REQUIRED ACTION
Copying rule for the data below: pictures stay out, and only the lines from the one with "Illustration 5 for" down to the one with "Wei Shen, giáo", inclusive, are repeated exactly.

INFORMATION SUPPLIED
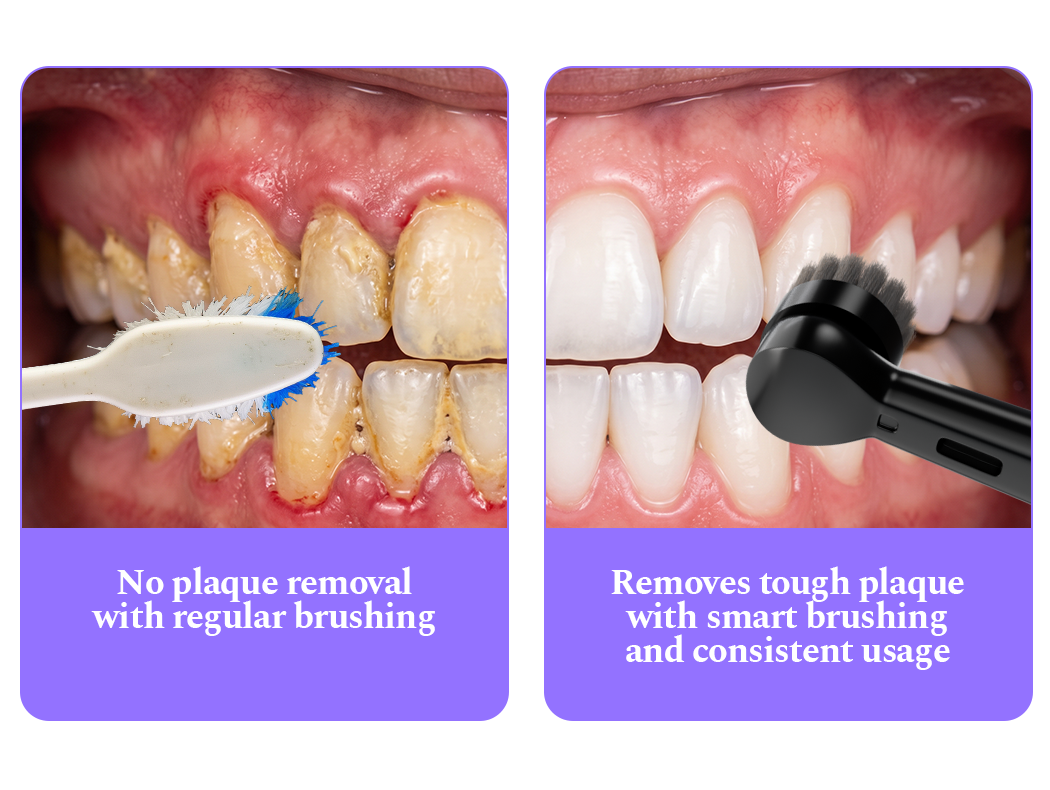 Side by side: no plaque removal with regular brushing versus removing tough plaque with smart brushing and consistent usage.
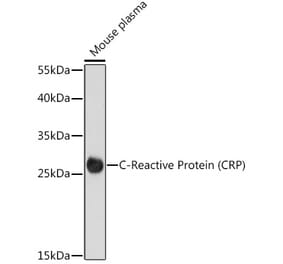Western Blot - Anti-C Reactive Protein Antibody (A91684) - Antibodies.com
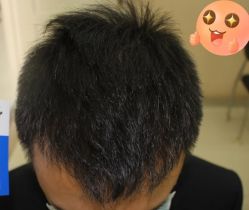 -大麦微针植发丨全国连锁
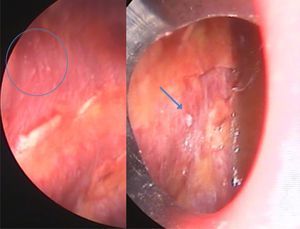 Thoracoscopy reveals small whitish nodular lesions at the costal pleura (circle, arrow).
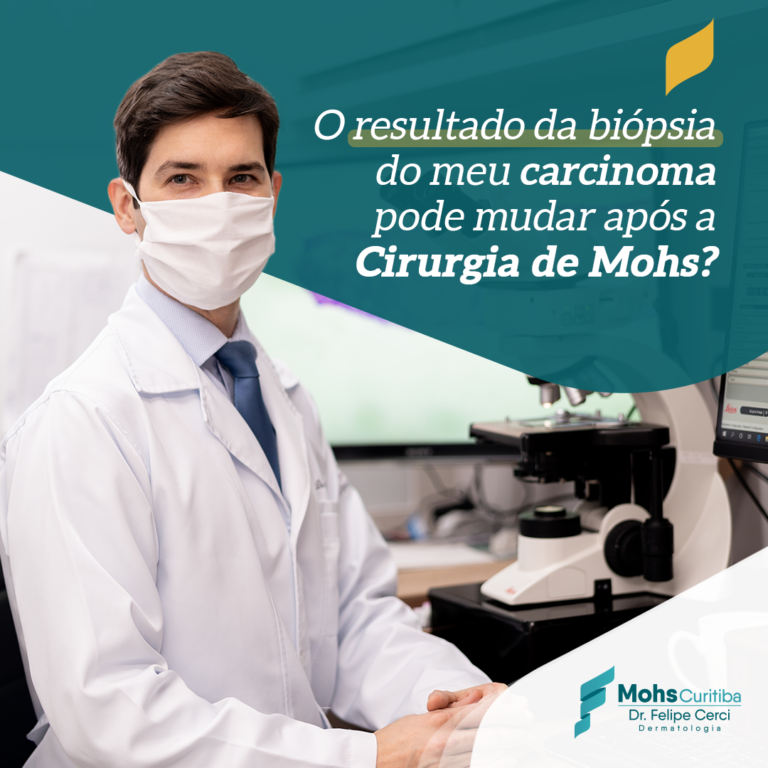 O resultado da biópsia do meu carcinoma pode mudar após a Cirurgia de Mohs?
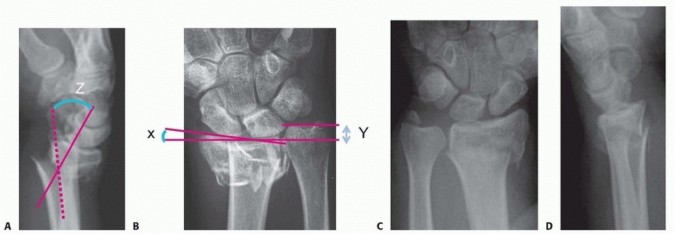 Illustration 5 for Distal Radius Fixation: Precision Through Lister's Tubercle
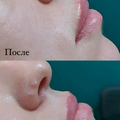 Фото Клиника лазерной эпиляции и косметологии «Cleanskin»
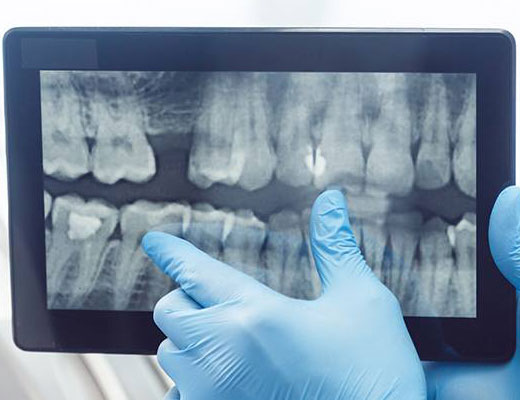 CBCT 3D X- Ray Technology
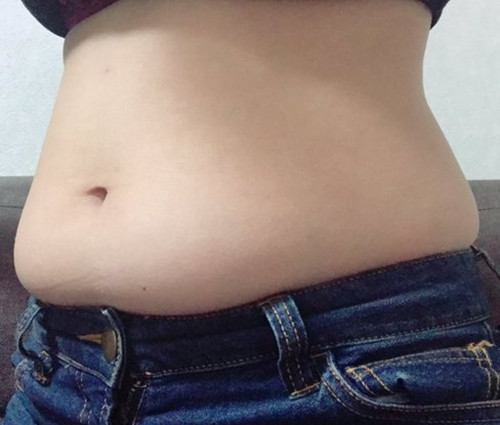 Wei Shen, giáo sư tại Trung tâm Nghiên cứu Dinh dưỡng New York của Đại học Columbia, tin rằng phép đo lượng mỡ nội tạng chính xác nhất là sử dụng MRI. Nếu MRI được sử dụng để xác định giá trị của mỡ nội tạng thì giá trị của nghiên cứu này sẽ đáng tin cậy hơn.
--
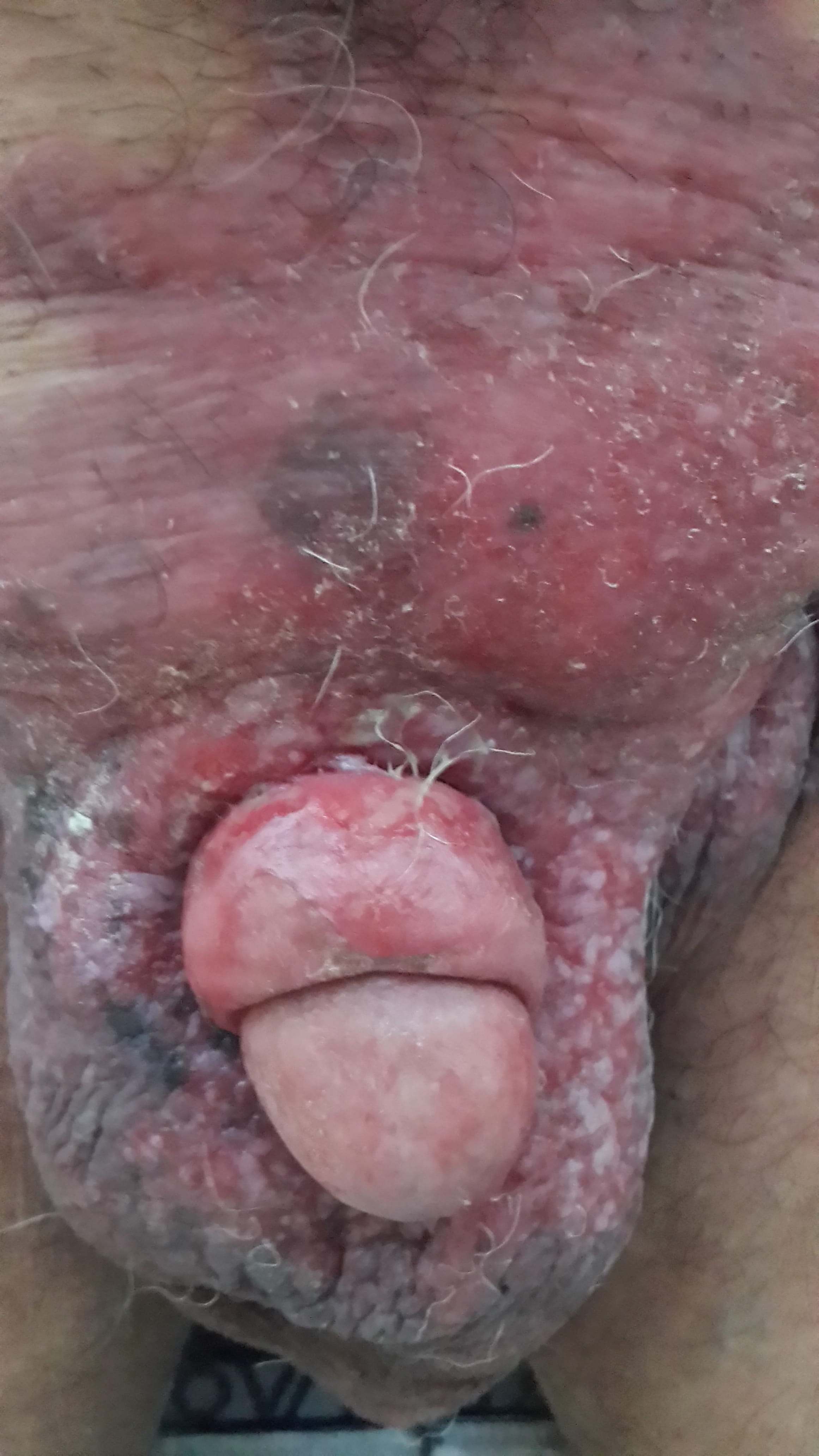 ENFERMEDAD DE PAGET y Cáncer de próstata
==
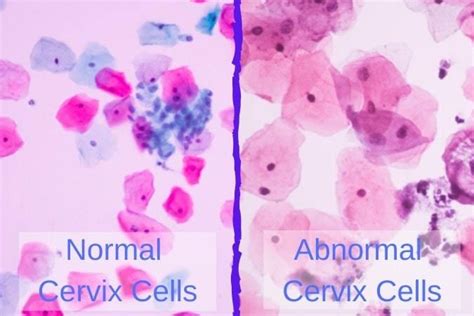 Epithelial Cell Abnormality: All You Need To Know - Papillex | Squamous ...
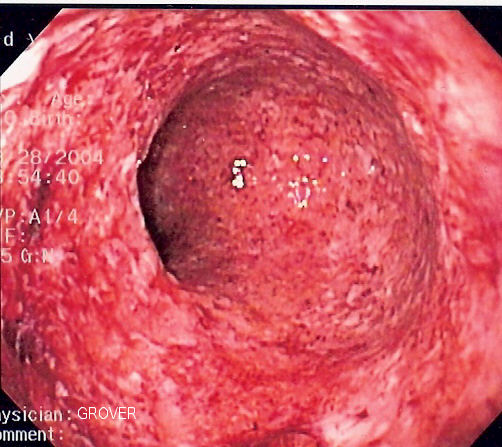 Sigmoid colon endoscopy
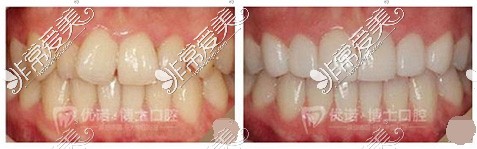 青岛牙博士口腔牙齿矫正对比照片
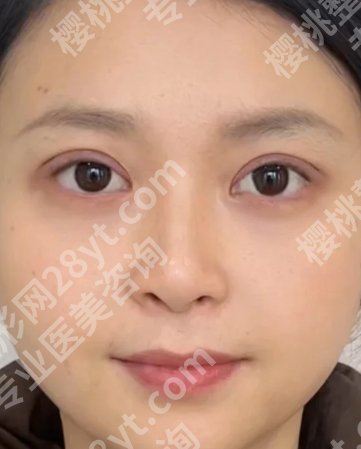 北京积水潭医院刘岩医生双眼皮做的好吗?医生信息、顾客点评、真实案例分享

ANSWER FOR THIS EXERCISE
 Illustration 5 for Distal Radius Fixation: Precision Through Lister's Tubercle
 Фото Клиника лазерной эпиляции и косметологии «Cleanskin»
 CBCT 3D X- Ray Technology
 Wei Shen, giáo sư tại Trung tâm Nghiên cứu Dinh dưỡng New York của Đại học Columbia, tin rằng phép đo lượng mỡ nội tạng chính xác nhất là sử dụng MRI. Nếu MRI được sử dụng để xác định giá trị của mỡ nội tạng thì giá trị của nghiên cứu này sẽ đáng tin cậy hơn.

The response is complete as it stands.